Information provided |
⁂

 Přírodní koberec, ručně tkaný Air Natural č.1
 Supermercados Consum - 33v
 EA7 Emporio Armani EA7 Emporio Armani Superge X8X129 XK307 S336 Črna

⁂

Your objective | The whole listing needs copying. Write it out exactly.

Written response |
 Přírodní koberec, ručně tkaný Air Natural č.1
 Supermercados Consum - 33v
 EA7 Emporio Armani EA7 Emporio Armani Superge X8X129 XK307 S336 Črna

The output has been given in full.